Sergei Dukachev plays piano music by Beethoven, Chopin, Tchaikovsky and Rachmaninoff
Ludwig van BEETHOVEN (1770-1827)
Sonata No.14 in C sharp minor Op.27 No.2 Moonlight (1801) [15:39]
Fryderyk CHOPIN (1810-1849)
Ballades (1831-42); No.4 in F minor Op.42 [10:38]
Nocturne No.8 in D flat major Op.27 No.2 [4:58]
Pyotr Ilyich TCHAIKOVSKY (1840-1893)
The Seasons Op.37b (1875-76)
No.1 January; By the Fireside [4:19]
No.11 November; On the troika [2:47]
Sergei RACHMANINOFF (1873-1943)
Prelude in G major Op.32 No.5 [2:43]
Sonata No.2 in B flat minor (1913 revised 1931) [18:49]
Sergei Dukachev (piano)
rec. live, Whitely Hall, Chetham’s School of Music, Manchester, August 2006 
DUNELM RECORDS DRD 0267 [60:22]  


The latest of Sergei Dukachev’s Dunelm recordings was recorded live in August 2006 at Chetham’s School of Music in Manchester. He’s made studio recordings, naturally, though I’ve not yet heard them. On the wing in concert he proves a musician, I have to say, of highly sympathetic qualities.

These are best exemplified in Chopin. Others may well dissent from my perception but I find him, albeit on the evidence of only two pieces, a player of real poeticism and insight, of beautiful tonal qualities and unforced lyricism. The F minor Ballade is both fiery and poetic, both susceptible to rhythmic control and also of great phrasal elasticity. The fire is controlled but palpable. He colours with lied-like depth and even reminds me just a bit of Moravec. Similarly in the Nocturne we hear a naturalness of expression and a narrative truthfulness that together produce a most satisfying fusion; there’s nothing flaccid about this playing, no playing for effect. The tonal reserves are never ostentatious but they are at all times highly impressive.
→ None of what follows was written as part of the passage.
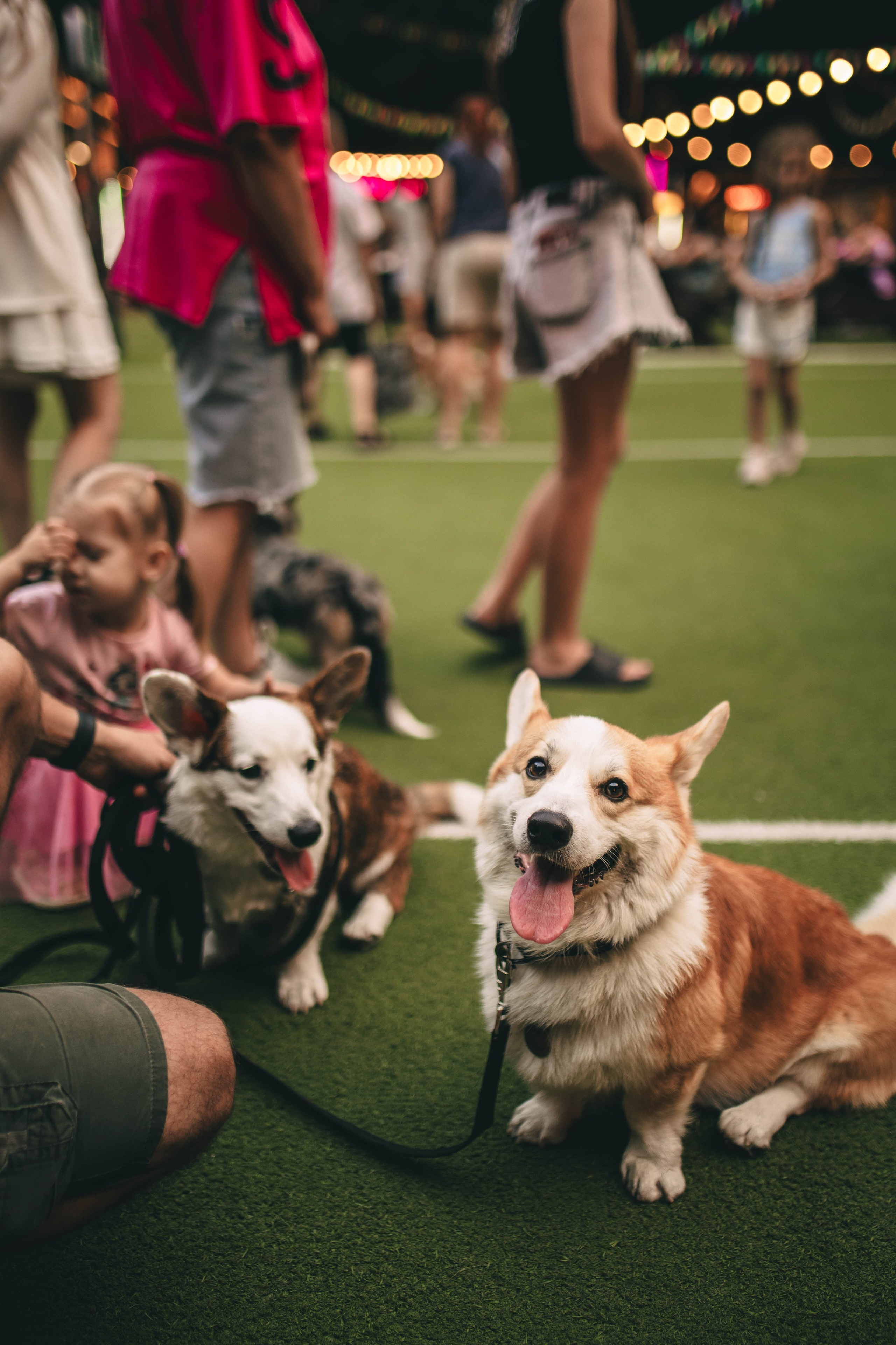 Pet-Party + Live-music |Парк Культуры. Фотограф в Ставрополе Алина Клочкова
Perhaps nothing else is quite on this high level but there are still many other points of interest and enthusiasm. He deliberately negotiates a rather narrow dynamic range in the Moonlight. Some might find this emotionally evasive or lacking in projection. But there is something about his playing of even such a warhorse as this that conveys great accumulated warmth and generosity, from the slowly taken opening movement to the supercharge of parts of his finale.

Clearly it won’t do to brand him a Russian specialist though he does tend to be recorded in repertoire that encourages the feeling. The two movements from The Seasons are adroitly coloured and his Rachmaninoff Prelude, given as an encore at the concert but here placed before the same composer’s second sonata, is a genuinely successful moment with myriad voicings duly evoked. Perhaps the sonata lacks the last vestiges of drama – I couldn’t honestly claim that Dukachev mines its richly histrionic palette with anything of the avidity of a number of its exponents. But his own rather more circumspect reading – not necessarily in terms of tempi but rather in terms of circumscribed dynamic gradients, is certainly a personable view.
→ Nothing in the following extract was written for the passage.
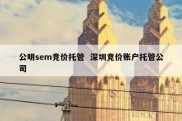 公明sem竞价托管  深圳竞价账户托管公司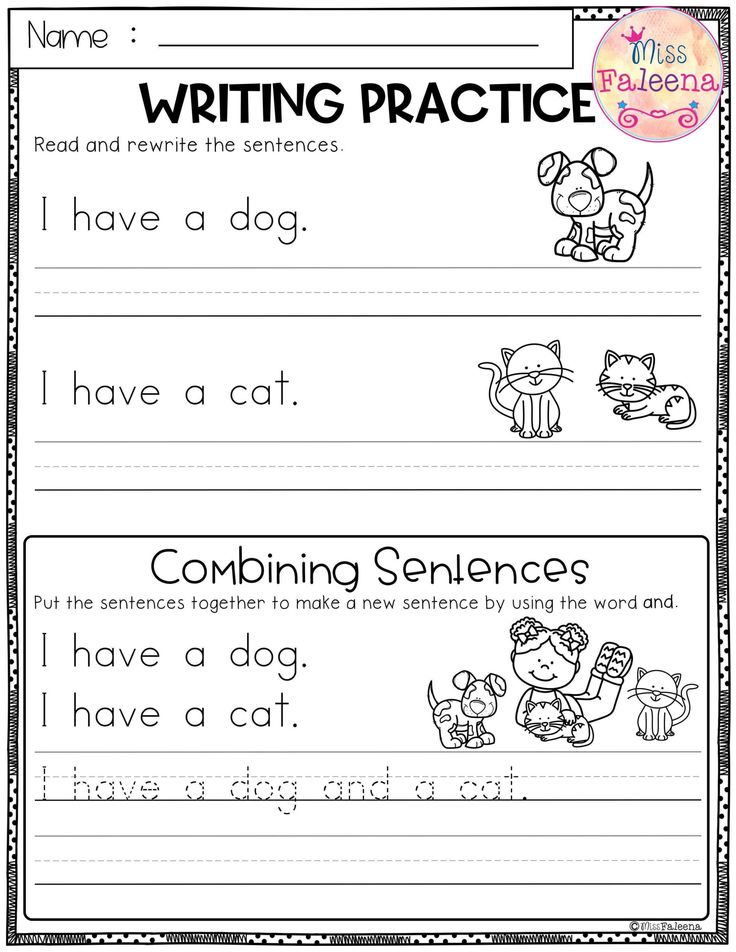 sentences writing worksheet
The recording level or microphone placement can sometimes emphasise air in the pedalling (and Dukachev is a notably fine exponent of pedalling). In the heat of the concert he does make some finger slips but the overriding impression with which one is left is of an unshowy, poetic and thoughtful musician who therefore makes no thoughtless gestures and puts himself, in that tired but here true phrase, at the service of the music. I want to hear him in an all-Chopin recital disc.